A Experimental scheme of RNA-seq. Control vs. antibody-treated group (n = 4 for each group). B Volcano plot displaying differentially expressed genes (DEGs) between treatment and control groups (n = 4 each group). The X-axis shows log2 fold change, where positive values indicate higher expression in the treatment group. The Y-axis represents –log10 adjusted p-value. Red dots denote significant DEGs (|LFC | > 2, padj < 0.0001). C Data from GO enrichment analysis (GO:BP) shows the genes enriched in signaling pathways. D GSEA analysis showed the signaling pathway change in the two groups. The results are shown in a bar graph. E Heatmap of essential downregulating genes in response to 2L4-8 treatment. F All sequenced samples were subjected to RT-PCR to validate the expression of MARCO, Csf1, IL10, Il1a, Il1b, Cxcl14, and Fosl1. RT-PCR Data was shown as mean ± SD. with a CI of 95%. An unpaired two-tailed Student’s t-test was used. **p < 0.01, ***p < 0.001, ****p < 0.0001.

Fig. 6. The MARCO antibody 2L4-8 enhanced the anti-tumor immune response of PD-1 therapy.

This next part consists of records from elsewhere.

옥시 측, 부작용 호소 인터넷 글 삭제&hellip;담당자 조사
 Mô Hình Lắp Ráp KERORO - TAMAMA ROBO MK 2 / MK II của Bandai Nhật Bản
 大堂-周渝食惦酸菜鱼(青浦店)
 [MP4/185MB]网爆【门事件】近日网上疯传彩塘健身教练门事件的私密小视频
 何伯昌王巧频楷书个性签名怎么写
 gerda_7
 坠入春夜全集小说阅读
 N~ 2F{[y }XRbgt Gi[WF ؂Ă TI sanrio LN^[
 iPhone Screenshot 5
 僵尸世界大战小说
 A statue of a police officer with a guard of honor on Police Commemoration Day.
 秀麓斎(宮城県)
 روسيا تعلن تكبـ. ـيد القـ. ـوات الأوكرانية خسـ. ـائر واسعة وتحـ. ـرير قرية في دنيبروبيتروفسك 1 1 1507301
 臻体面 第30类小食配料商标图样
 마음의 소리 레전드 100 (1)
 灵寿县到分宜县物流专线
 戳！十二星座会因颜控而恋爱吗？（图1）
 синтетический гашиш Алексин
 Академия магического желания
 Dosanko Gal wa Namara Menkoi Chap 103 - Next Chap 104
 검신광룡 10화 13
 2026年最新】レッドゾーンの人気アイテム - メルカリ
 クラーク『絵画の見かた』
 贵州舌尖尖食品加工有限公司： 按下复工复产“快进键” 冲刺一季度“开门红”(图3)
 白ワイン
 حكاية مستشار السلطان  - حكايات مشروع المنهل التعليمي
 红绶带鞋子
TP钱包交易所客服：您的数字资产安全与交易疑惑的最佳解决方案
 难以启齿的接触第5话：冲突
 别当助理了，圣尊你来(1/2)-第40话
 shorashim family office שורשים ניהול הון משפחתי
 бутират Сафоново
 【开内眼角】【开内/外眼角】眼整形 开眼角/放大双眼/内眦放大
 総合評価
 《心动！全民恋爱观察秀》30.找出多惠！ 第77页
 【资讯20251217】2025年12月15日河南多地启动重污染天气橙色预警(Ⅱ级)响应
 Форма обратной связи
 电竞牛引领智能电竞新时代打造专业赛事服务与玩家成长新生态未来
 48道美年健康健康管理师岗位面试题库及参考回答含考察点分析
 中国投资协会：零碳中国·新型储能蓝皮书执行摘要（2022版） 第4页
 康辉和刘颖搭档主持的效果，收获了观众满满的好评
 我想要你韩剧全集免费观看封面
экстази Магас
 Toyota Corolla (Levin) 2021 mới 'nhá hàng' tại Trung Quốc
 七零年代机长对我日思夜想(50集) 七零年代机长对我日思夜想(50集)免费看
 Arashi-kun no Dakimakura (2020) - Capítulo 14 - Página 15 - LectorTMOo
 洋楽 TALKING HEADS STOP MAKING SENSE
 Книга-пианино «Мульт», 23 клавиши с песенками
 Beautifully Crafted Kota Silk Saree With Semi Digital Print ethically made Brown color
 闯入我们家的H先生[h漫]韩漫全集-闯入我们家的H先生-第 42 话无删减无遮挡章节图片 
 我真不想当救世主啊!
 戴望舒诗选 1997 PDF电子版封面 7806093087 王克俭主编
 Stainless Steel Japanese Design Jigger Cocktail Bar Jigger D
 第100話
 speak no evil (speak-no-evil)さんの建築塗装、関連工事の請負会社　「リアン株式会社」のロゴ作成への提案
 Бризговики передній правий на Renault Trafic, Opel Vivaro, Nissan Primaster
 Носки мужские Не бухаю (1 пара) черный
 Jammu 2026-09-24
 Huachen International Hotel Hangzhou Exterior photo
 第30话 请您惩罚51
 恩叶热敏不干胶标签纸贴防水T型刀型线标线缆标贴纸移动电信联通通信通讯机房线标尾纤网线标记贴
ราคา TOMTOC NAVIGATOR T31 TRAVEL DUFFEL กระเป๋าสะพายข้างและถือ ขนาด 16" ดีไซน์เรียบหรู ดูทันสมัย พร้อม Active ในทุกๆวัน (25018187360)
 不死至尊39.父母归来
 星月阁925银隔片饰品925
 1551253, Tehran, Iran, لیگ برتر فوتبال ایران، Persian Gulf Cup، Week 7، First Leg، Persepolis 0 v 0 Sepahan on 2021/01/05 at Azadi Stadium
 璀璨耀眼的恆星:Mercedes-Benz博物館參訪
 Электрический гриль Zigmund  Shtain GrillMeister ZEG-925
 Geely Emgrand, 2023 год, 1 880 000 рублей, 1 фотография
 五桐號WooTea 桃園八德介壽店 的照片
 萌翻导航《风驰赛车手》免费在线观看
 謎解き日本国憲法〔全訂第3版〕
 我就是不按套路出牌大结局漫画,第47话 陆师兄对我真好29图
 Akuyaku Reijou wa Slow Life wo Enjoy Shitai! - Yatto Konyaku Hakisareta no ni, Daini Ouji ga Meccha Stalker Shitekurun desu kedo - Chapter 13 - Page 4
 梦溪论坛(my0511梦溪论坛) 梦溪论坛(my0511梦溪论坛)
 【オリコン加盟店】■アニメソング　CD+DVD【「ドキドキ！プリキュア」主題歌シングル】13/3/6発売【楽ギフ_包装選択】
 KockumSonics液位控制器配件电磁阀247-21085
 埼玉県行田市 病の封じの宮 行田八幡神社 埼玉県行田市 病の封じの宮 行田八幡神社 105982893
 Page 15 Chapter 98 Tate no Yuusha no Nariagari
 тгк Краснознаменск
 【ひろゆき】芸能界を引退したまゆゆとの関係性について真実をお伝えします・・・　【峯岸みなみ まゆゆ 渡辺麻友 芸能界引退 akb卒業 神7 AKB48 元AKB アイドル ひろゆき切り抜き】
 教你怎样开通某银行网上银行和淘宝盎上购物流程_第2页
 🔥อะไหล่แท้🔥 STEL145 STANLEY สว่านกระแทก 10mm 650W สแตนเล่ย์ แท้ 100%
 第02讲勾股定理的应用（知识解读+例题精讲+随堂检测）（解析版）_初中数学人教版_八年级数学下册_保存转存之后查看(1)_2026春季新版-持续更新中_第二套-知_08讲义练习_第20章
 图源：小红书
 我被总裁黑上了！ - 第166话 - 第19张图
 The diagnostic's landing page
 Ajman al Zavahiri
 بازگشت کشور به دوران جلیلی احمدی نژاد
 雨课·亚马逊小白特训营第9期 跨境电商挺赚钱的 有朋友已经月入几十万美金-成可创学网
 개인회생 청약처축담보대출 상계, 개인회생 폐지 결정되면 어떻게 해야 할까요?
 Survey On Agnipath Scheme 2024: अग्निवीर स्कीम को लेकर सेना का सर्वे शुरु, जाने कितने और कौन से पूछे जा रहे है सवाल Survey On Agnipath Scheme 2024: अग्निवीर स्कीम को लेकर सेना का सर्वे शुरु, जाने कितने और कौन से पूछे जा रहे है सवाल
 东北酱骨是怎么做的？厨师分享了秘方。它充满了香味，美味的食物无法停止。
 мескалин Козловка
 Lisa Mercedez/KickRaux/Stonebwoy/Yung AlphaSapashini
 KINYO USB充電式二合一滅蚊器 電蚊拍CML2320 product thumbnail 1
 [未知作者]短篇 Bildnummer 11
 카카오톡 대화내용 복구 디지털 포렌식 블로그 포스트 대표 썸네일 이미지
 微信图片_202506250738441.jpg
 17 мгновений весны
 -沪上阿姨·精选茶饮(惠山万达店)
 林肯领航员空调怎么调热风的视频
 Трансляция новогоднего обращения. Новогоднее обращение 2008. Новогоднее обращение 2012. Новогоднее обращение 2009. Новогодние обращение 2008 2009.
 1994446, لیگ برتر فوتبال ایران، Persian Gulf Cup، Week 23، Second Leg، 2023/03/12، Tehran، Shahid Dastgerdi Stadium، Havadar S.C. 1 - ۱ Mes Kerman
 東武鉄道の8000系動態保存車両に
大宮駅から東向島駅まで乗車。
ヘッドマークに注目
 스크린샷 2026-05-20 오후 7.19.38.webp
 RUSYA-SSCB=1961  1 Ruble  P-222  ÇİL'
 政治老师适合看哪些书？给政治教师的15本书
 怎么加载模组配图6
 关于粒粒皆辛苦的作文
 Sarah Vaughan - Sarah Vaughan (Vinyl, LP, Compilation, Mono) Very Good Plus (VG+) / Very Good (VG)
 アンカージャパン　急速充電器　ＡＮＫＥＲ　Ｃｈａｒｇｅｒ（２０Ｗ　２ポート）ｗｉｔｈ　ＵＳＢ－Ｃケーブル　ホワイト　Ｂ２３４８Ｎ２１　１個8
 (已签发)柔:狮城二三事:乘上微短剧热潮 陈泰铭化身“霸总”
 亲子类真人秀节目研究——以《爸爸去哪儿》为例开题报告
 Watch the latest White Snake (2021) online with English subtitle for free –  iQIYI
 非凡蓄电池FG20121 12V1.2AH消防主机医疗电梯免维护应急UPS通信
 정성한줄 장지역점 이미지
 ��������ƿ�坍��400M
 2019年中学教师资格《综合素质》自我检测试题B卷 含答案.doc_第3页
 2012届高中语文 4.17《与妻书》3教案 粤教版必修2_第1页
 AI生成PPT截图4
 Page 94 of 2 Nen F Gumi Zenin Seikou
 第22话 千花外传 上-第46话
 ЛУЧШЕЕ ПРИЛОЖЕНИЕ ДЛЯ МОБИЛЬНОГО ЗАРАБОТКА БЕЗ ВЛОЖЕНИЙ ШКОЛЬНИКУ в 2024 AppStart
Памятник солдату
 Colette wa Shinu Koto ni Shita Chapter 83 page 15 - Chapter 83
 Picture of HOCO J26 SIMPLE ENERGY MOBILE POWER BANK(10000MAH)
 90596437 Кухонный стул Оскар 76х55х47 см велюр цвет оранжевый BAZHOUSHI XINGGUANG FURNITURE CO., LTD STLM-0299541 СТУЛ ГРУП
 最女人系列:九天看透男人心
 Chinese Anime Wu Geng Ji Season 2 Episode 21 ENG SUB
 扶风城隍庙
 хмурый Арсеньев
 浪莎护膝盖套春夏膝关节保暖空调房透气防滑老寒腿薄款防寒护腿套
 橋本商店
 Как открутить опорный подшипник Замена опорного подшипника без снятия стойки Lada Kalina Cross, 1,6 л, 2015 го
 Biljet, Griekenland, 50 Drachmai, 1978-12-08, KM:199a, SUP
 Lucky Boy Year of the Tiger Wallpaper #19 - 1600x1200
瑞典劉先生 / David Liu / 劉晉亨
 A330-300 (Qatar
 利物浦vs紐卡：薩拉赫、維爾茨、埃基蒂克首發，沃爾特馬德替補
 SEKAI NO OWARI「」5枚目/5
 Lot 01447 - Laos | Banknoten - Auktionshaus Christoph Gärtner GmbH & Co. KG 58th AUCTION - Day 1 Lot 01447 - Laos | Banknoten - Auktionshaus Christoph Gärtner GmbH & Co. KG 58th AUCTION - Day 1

A Schematic of the E0771 mammary tumor model and treatment regimen from day 9 to 21 after inoculation. N = 5 for each group. B E0771 tumor growth in response to different treatments. Data was shown as mean ± SEM with a CI of 95%. The tumor growth differences between the two groups across multiple time points were analyzed by two-way ANOVA (factors: Group × Time) with Šídák’s multiple comparisons test to show the difference between groups at the same time point. C Tumor weight of the E0771 tumor. D Proportions of tumor-infiltrating G-MDSCs and M-MDSCs in each group. E Representative flow cytometry data of MDSC subtypes. F Proportion of MARCO⁺ M-MDSC and in Arg-1⁺ M-MDSC each group. G Percentage of tumor-infiltrating TAM in each group. K Representative flow cytometry data of TAMs. H Representative flow cytometry data of TAMs. I Percentage of tumor-infiltrating CD206⁺TAM and CD86⁺ TAM in each group. J, K Percentages of tumor-infiltrating CD8⁺ T cells and PD-1⁺ CD8⁺ T cells in each group. L, M Percentages of tumor-infiltrating NK cells and IFN-γ⁺ NK cells in each group. The weight of the tumor and flow cytometry data was analyzed using one-way ANOVA with Tukey’s multiple comparisons test for pairwise comparisons between groups. *p < 0.05, **p < 0.01, ***p < 0.001, ****p < 0.001. ns: no significance.